## EXERCISE
Please write out the entire listing below exactly, excluding its pictures.

## COLLECTED MATERIAL
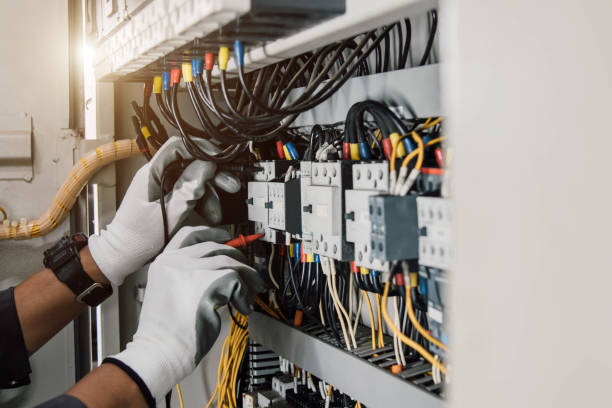 Best Electrical Upgrades for Homes  in Harrisburg, PA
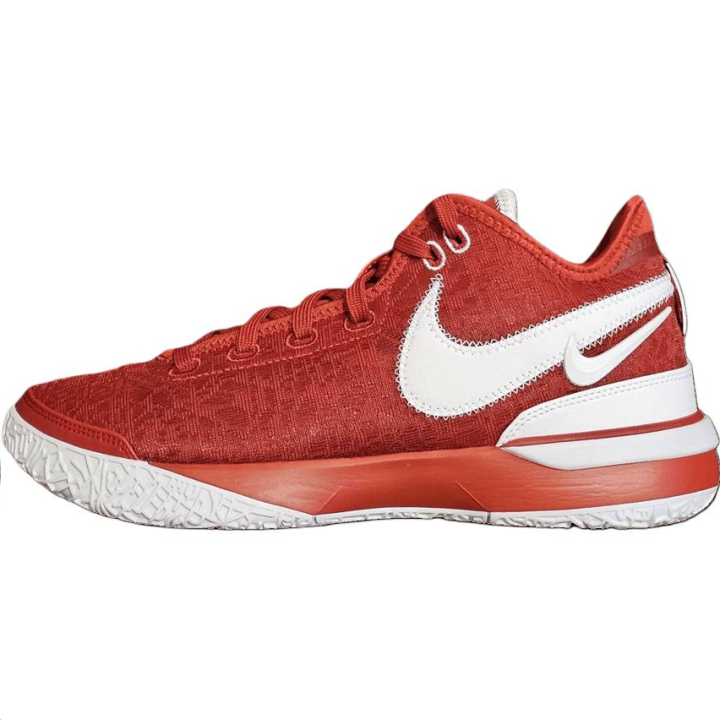 Nike Nike LeBron NXXT Gen Basketball Shoes Men's Red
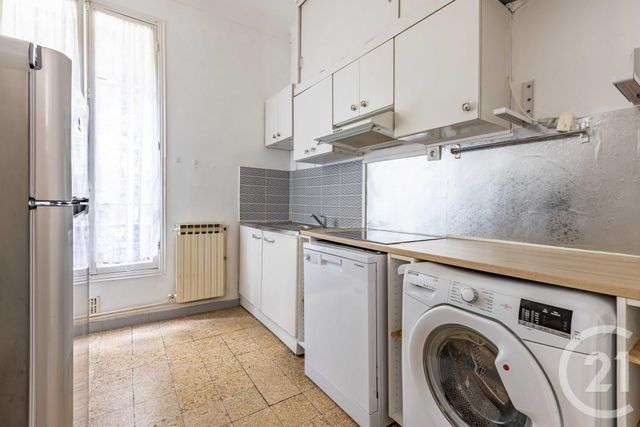 immeuble à vendre - 210.0 m2 - NICE - 06 - PROVENCE-ALPES-COTE-D-AZUR - Century 21 Cbs Immobilier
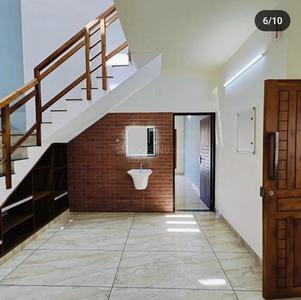 Image of 2500 Sq.ft 3 BHK Independent House for sale in Mahadev Vihar, Old Dhamtari Road, Raipur for Rs. 8500000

## WRITTEN RESPONSE
 Best Electrical Upgrades for Homes  in Harrisburg, PA
 Nike Nike LeBron NXXT Gen Basketball Shoes Men's Red
 immeuble à vendre - 210.0 m2 - NICE - 06 - PROVENCE-ALPES-COTE-D-AZUR - Century 21 Cbs Immobilier
 Image of 2500 Sq.ft 3 BHK Independent House for sale in Mahadev Vihar, Old Dhamtari Road, Raipur for Rs. 8500000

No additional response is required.